During that time period, there was the arrival on the scene of crack cocaine; an increase in gang activity starting on the West Coast moving eastward with the Bloods and the Crips; and movies that portrayed our youth throughout the world, like “Colors” and “Menace to Society” that put Black men in particular, in a very ugly light.
The plan worked. The American media created the image of particularly young black, male “super predators” that were menaces to society and responsible for the chaos in the country. Black men, especially young Black men, were now synonymous with the word “Criminal.” Perry L. Moriearty and William Carson, in their article, Cognitive Warfare and Young Black Males in America, explain this propaganda that targeted young Black men:
..the “super-predator” war amplified the American public’s predisposition to associate adolescents of color, and in particular young black males, with violence and moral depravity, it also led the public to dissociate young black males from the one trait that should not have been up for debate: their youth. The result was a veritable feedback loop whose cognitive output, the mental imprint of “morally impoverished” “superpredators” continually fed its input. Thus, even as crime rates among black youth have dropped steadily since the mid-1990s, these self-reinforcing associations and dissociations have prompted lawmakers and their constituents to continue to support laws and policies that they know disproportionately punish and incapacitate young black males.

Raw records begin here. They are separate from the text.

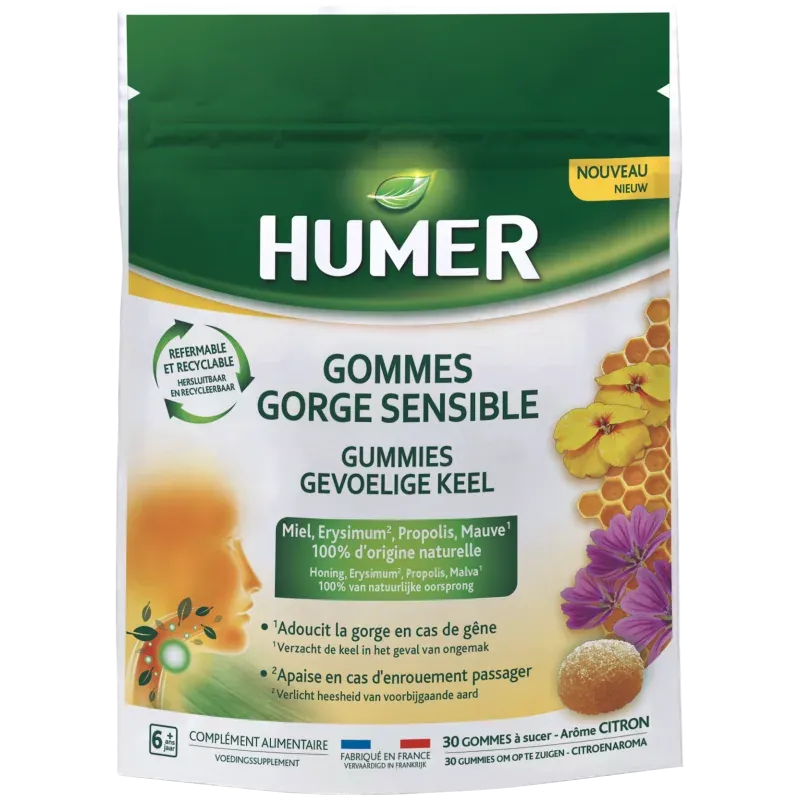 Humer Gommes Gorge Sensible X30 - Univers Pharmacie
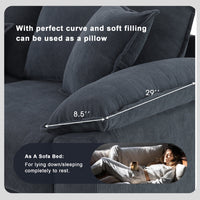 Corduroy Modular Sectional Sofa,Comfortable U Shaped Sofa Couch with Armrest Bags,6 Seat Freely Combinable Sofa Bed for Living Room,Grey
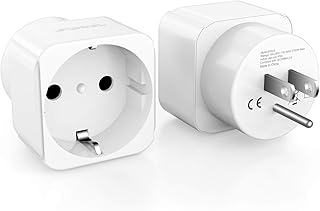 European to USA Plug Adapter, ANKCE Europe to USA Travel Plug Converter, American Outlet Plug Adapter (European to USA Plug Adapter)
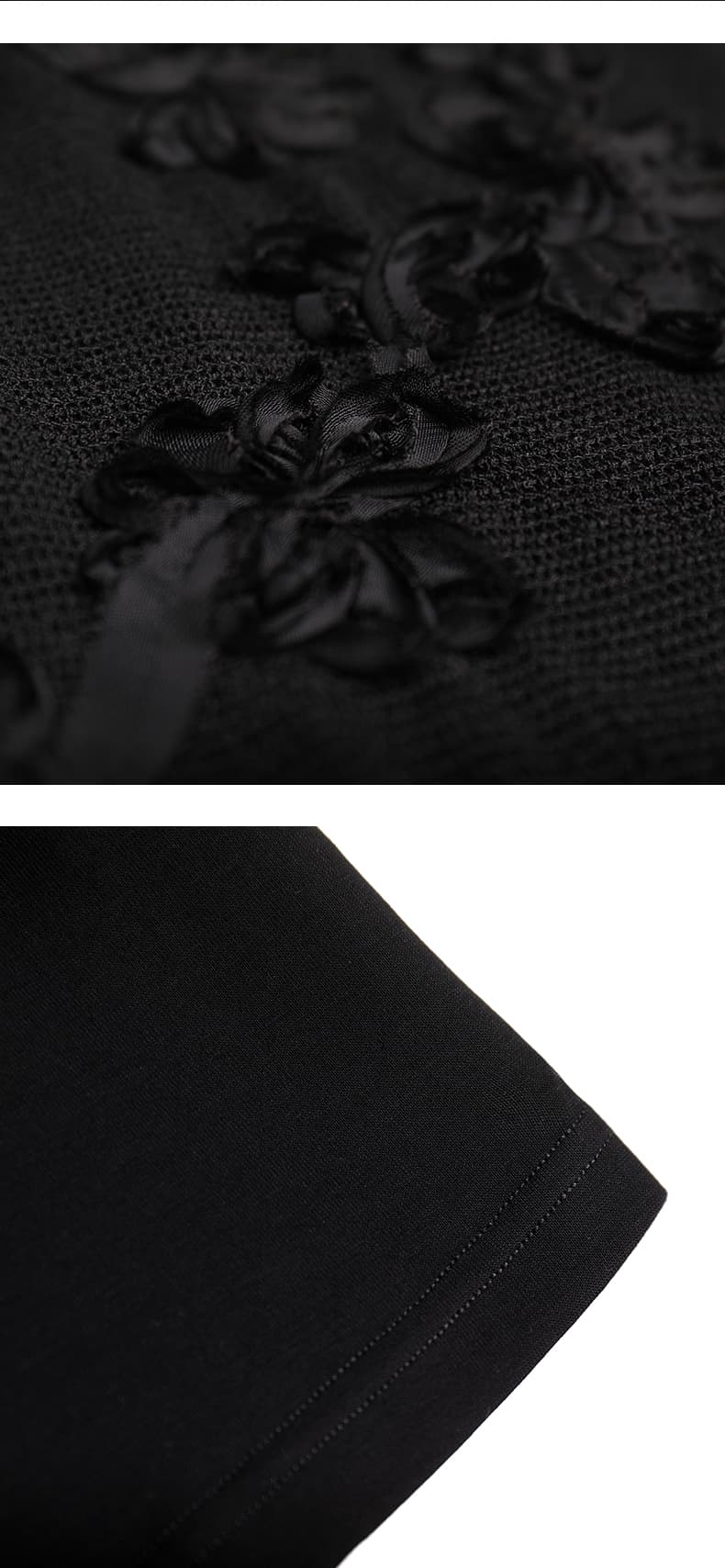 フォーマルワンピース 花刺繍シンプル上品ワンピース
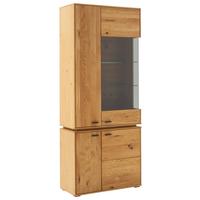 Vitrine Como B: 83 cm mit Beleuchtung Eichefarben - Wildeiche, Natur, Glas/Holz (83/202/38cm) - MID.YOU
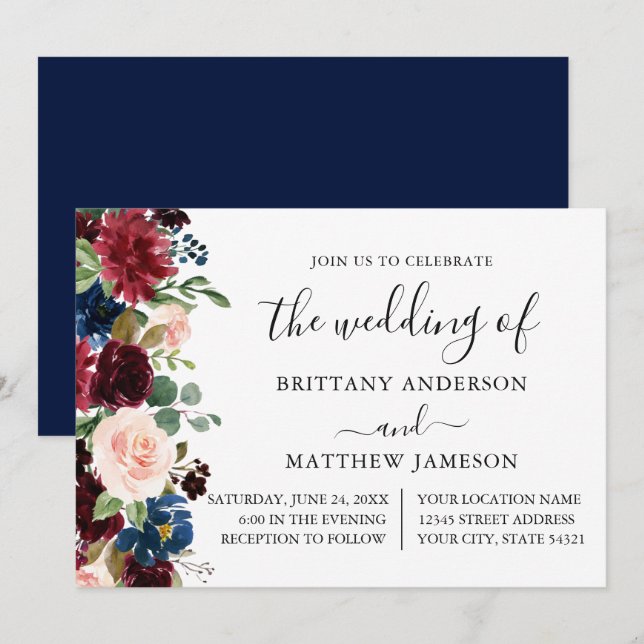 Invitation Calligraphie Aquarelle Floral Mariage Bleu (Devant / Derrière)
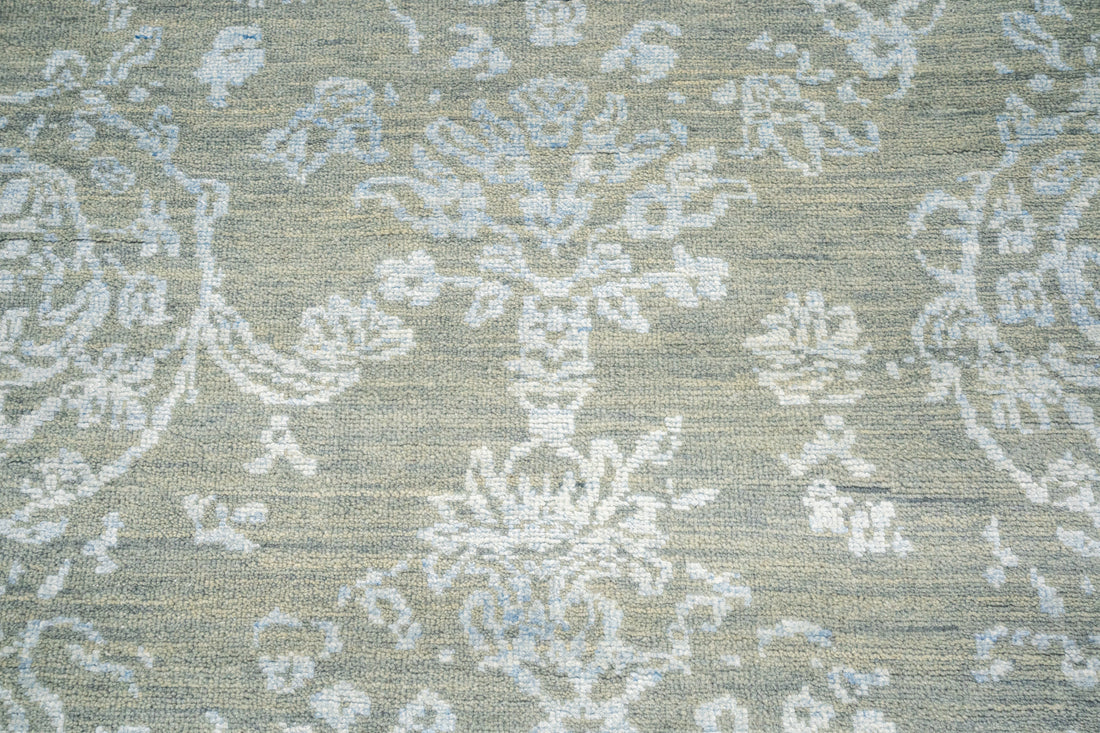 Handknotted Carpet, DIA - 1038 JK  ROUND, Silver Foil & Cadet Blue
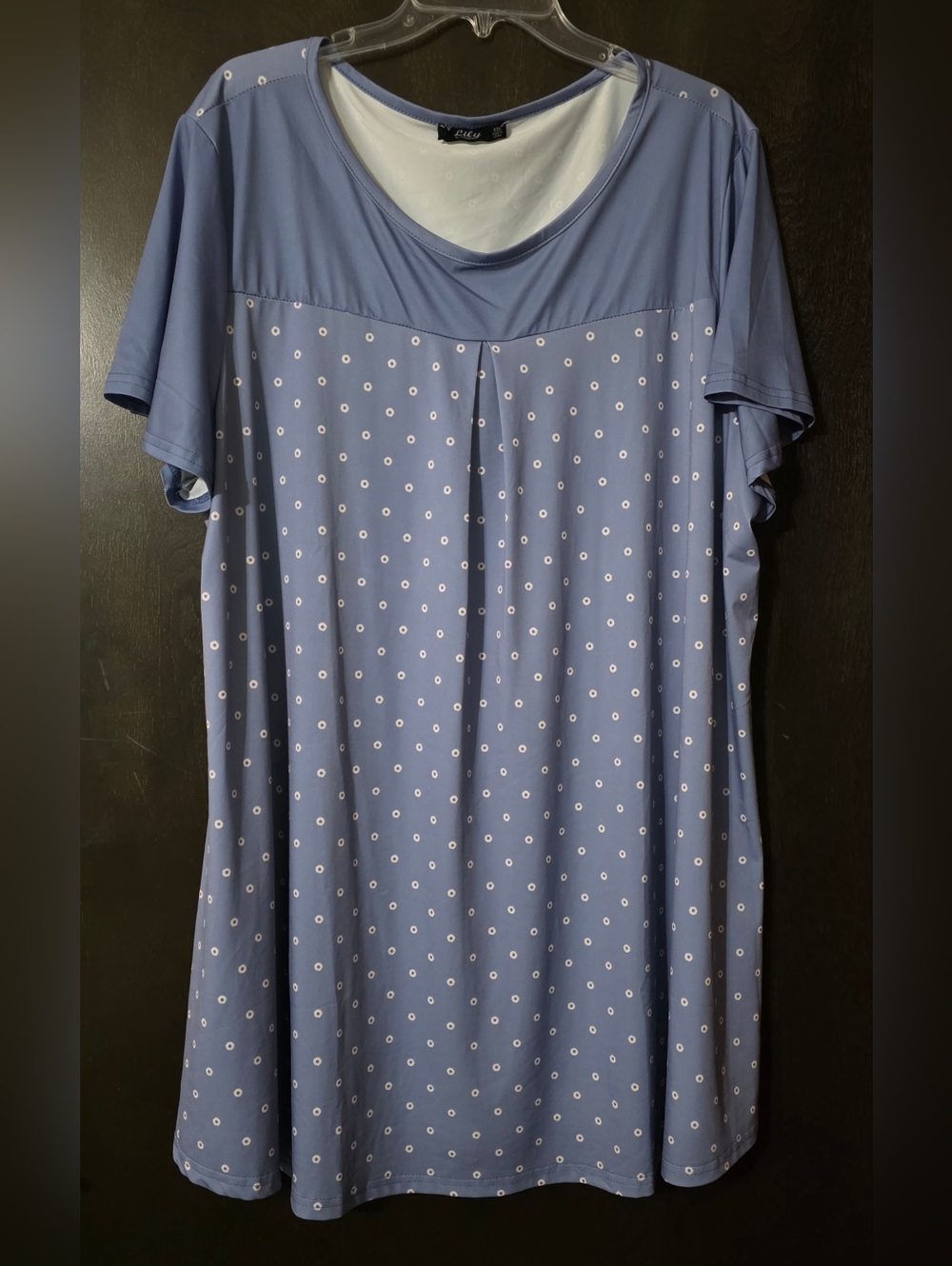Lily By Firmiana Blue Short Sleeve Swing Dress with White Daisy Print Size 4XL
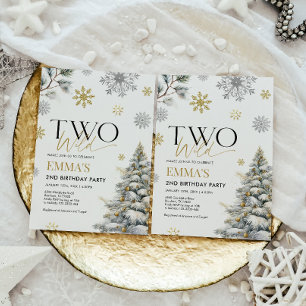 2nd Birthday Invitation, Gold Two Wild Birthday Invitation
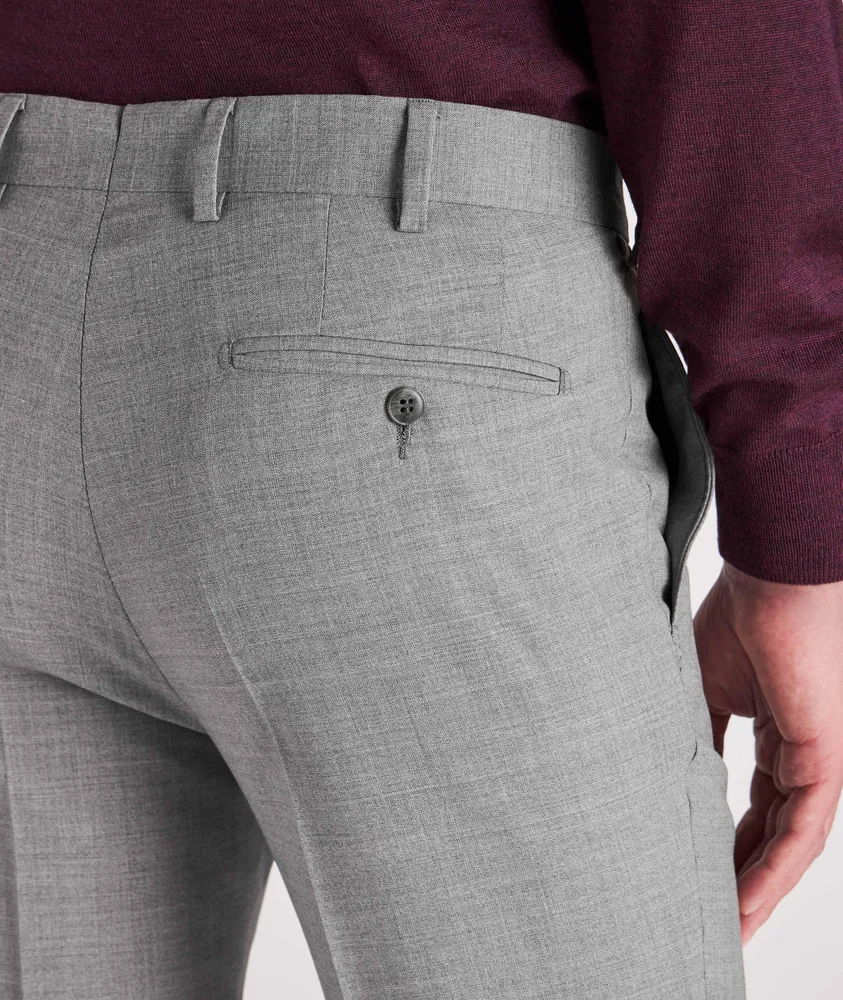 Stretch-Wool Crosshatch Dress Pants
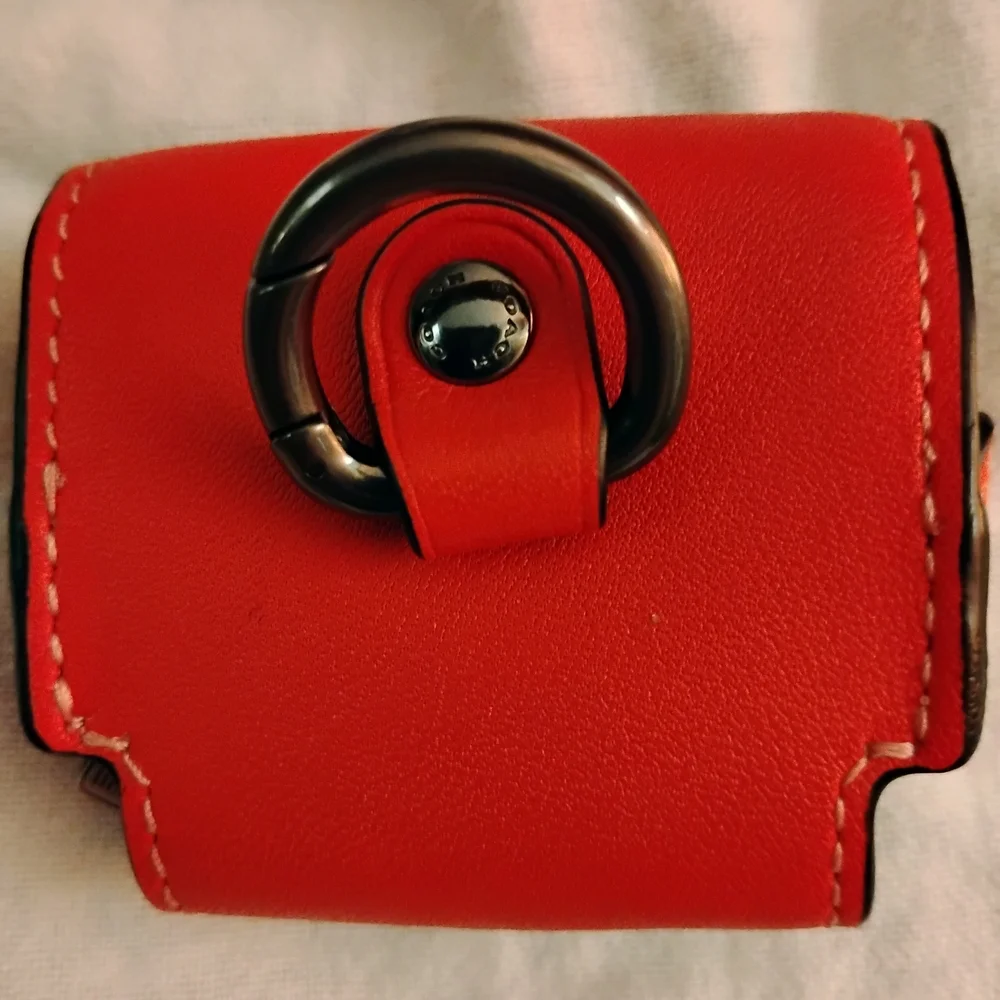 Coach Red Leather Airpod Pouch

Lastly, war has various impacts on people, including psychological, economic, and communal effects. In her journal, Impact of War on Children and Imperative to End War, Joanna Santa Barbara lists these effects, such as a loss of a moral structure. She writes, “The experience of indifference from the surrounding world, or, worse still, malevolence may cause children to suffer loss of meaning in their construction of themselves in their world. They may have to change their moral structure and lie, steal, and sell sex to survive.”
We could say that due to circumstances of the war that has been taking place on Black youth, the moral structure was removed for the need of survival. This is not to blame them, because you cannot look at the effect of a thing without first acknowledging the cause. The pouring of drugs into the Black community and the criminalization of Black people have caused tremendous hardship and downfall. This was a war with lasting effects that remain true to this day. To correct this moral structure, the Honorable Minister Louis Farrakhan called for 1 million Black men in 1995 to join him for a day of atonement and to accept responsibility as Black men in the community. This historic Million Man March was a day of peace and righteousness for them to carry back to their communities and families to do better and be better.
The Honorable Minister Louis Farrakhan had more than a vision in 1985. There is no doubt that he was given divine insight from the Honorable Elijah Muhammad into a war that would target our people and last for generations. How else did he know that President Reagan would plan a war that would eventually be one of many catastrophic events in America? How else did he know about the plan against Libya a year before it was bombed by the U.S.? One must come to realize the value of the man that is in our midst who has forewarned us of what was planned. We would be wise to listen to him.